• [ASSIGNMENT] Word for word, restate the lines of the listing below from the line with "Pactiv EarthChoice Compostable" through the line with "Sofá-cama 90x200 cm", and do not include the pictures.
(THE DATA begins)
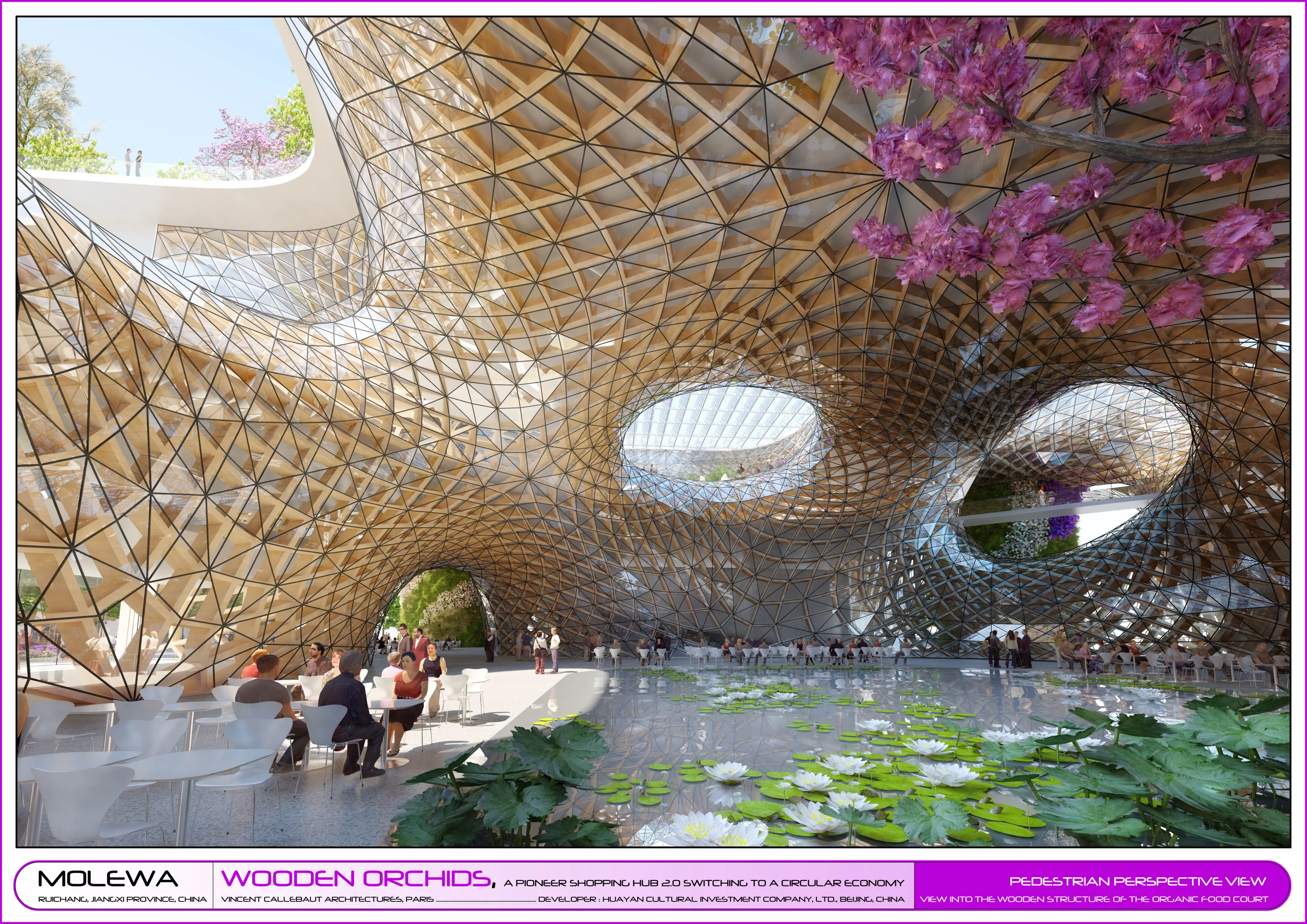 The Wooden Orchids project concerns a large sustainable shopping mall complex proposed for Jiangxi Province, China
(THE DATA ends)
(THE DATA begins)
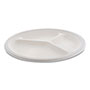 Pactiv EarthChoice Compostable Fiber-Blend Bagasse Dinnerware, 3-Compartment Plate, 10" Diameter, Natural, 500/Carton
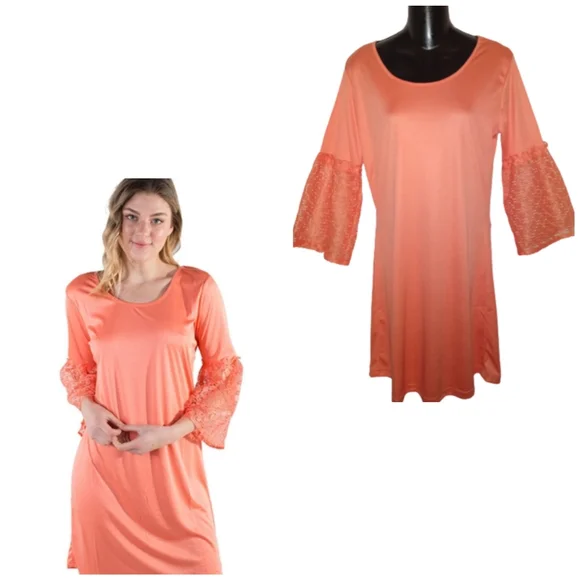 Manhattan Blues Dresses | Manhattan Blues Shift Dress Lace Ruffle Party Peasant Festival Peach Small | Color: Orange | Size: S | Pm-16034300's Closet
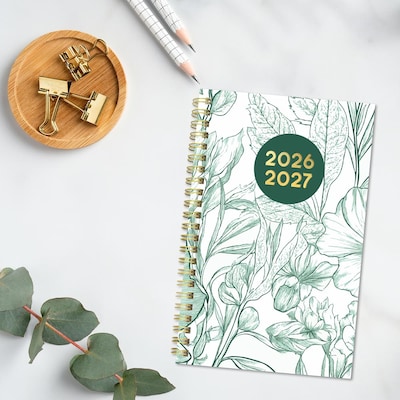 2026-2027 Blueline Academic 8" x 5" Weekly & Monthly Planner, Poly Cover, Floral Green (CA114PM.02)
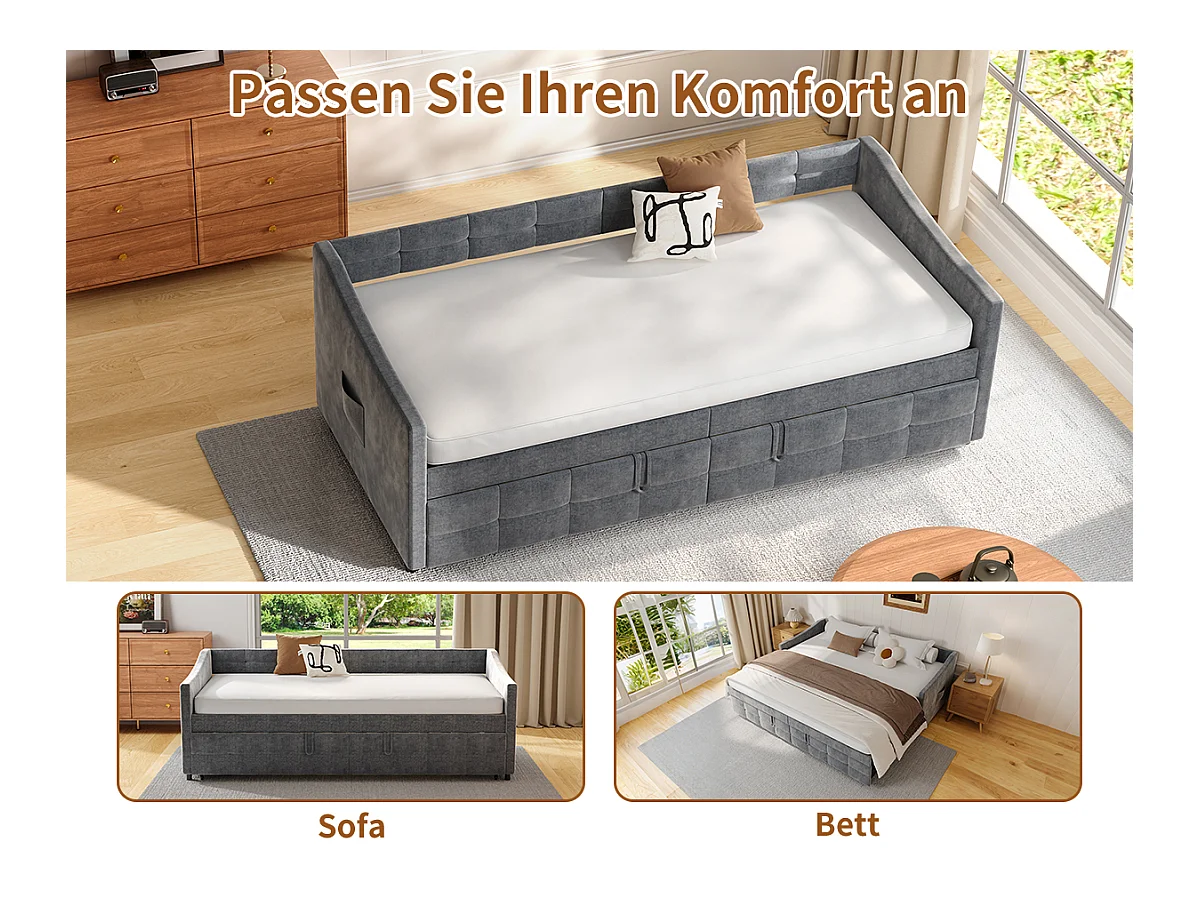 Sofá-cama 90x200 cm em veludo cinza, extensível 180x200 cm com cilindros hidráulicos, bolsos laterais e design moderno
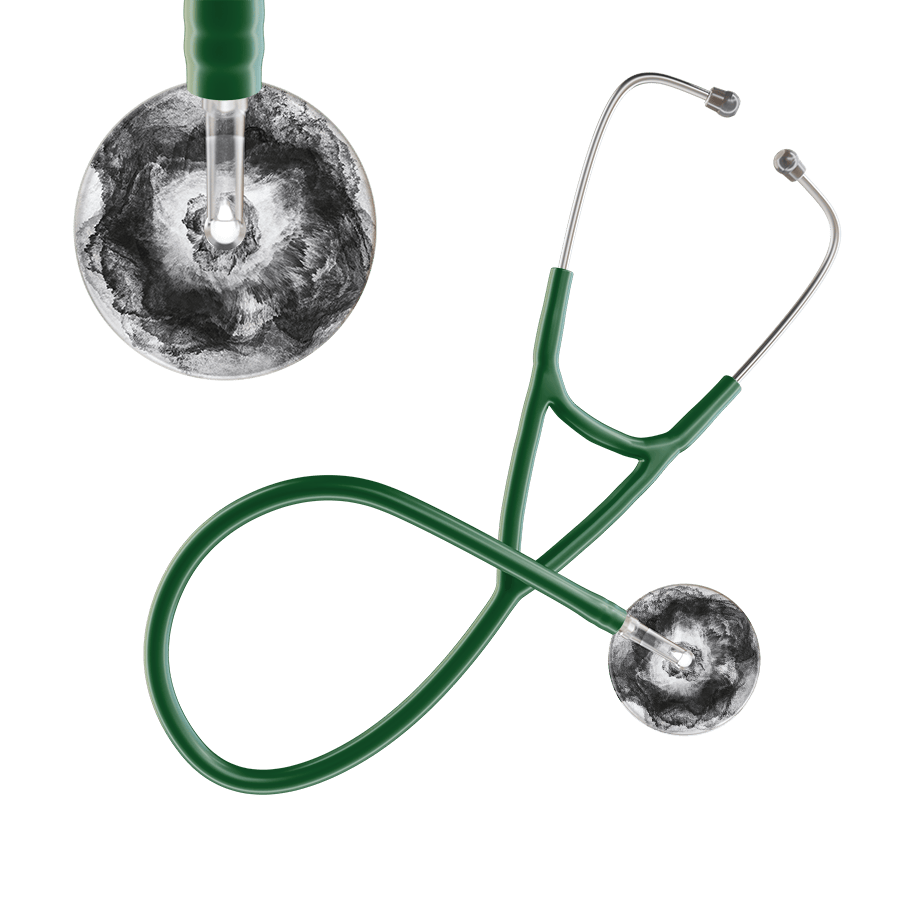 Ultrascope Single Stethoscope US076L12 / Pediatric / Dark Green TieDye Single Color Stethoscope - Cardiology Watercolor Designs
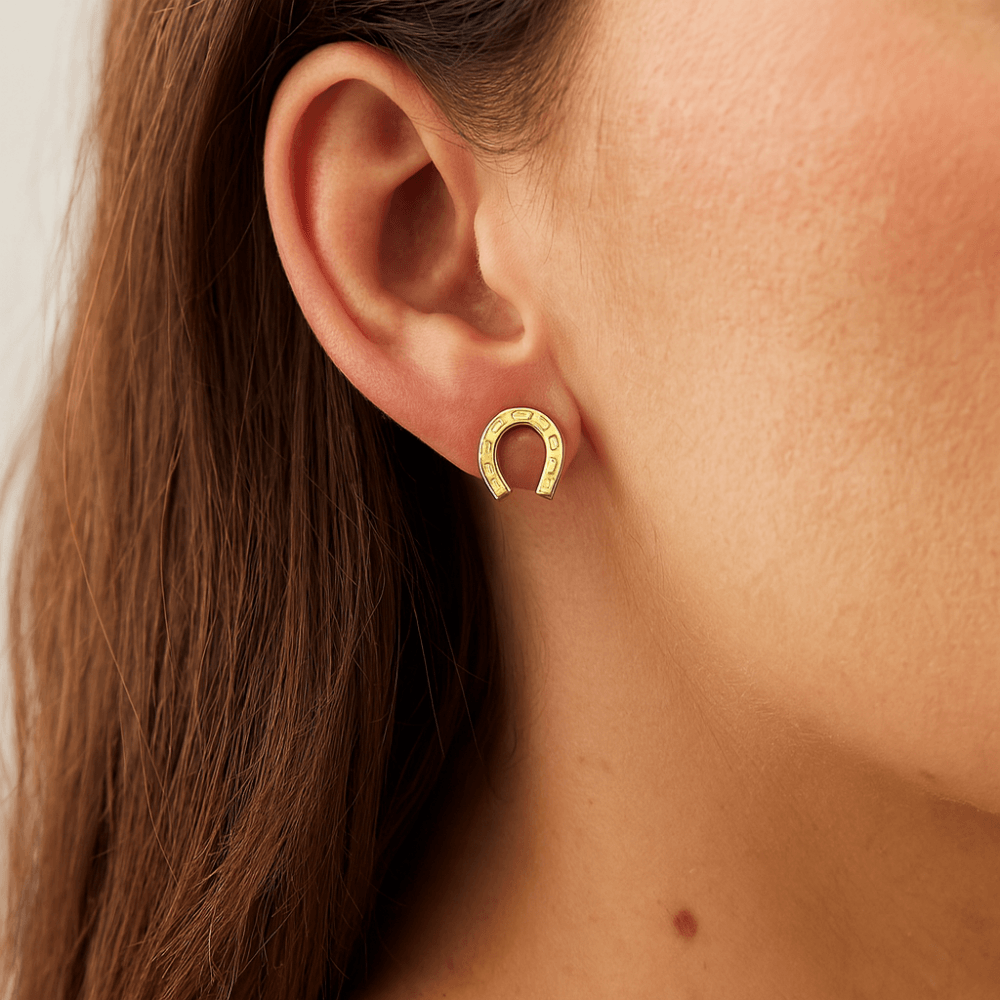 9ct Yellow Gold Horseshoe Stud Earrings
(THE DATA ends)
(THE DATA begins)
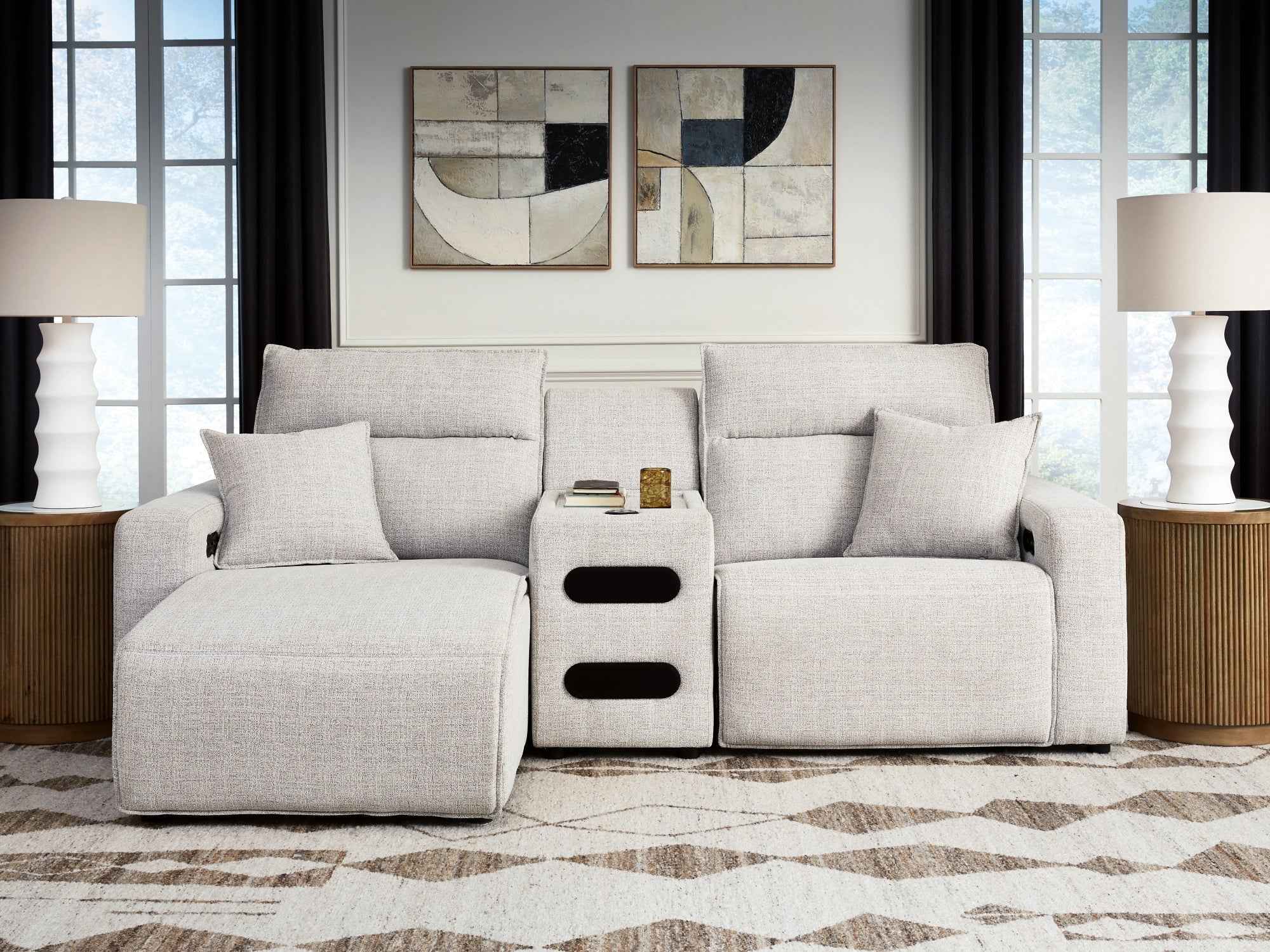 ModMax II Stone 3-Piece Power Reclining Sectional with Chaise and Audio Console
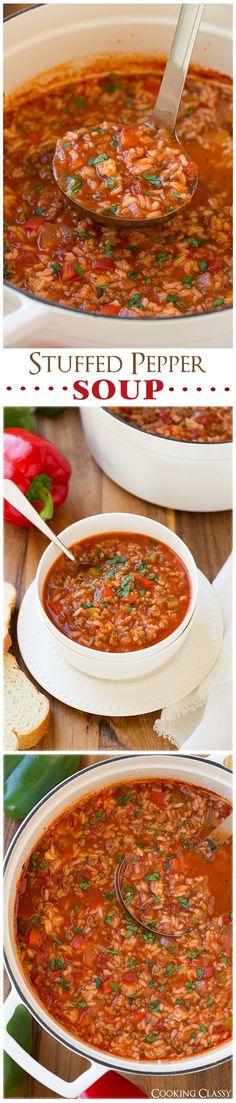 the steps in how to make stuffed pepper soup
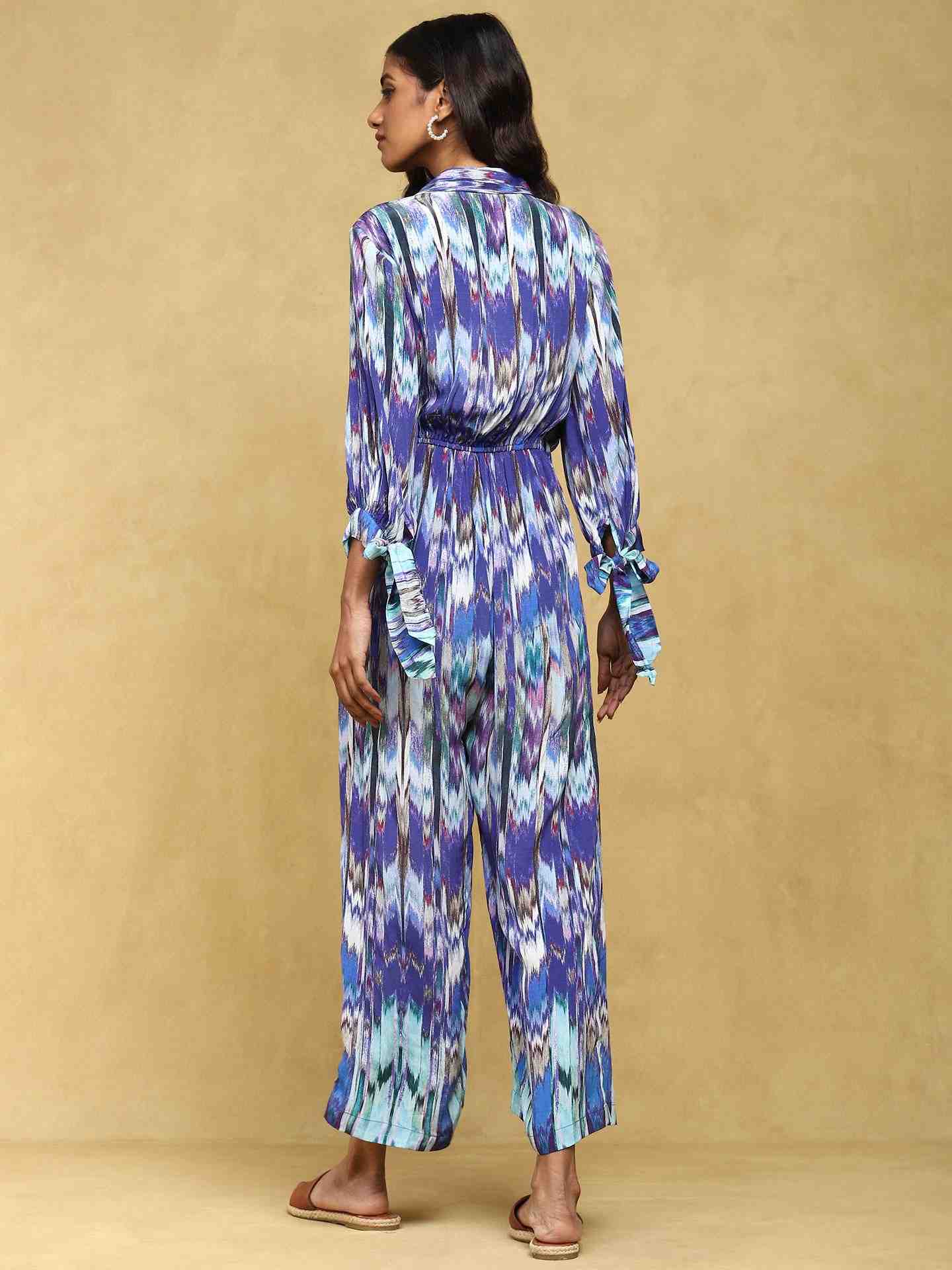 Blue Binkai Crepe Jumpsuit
(THE DATA ends)
• [TASK RESPONSE]
 Pactiv EarthChoice Compostable Fiber-Blend Bagasse Dinnerware, 3-Compartment Plate, 10" Diameter, Natural, 500/Carton
 Manhattan Blues Dresses | Manhattan Blues Shift Dress Lace Ruffle Party Peasant Festival Peach Small | Color: Orange | Size: S | Pm-16034300's Closet
 2026-2027 Blueline Academic 8" x 5" Weekly & Monthly Planner, Poly Cover, Floral Green (CA114PM.02)
 Sofá-cama 90x200 cm em veludo cinza, extensível 180x200 cm com cilindros hidráulicos, bolsos laterais e design moderno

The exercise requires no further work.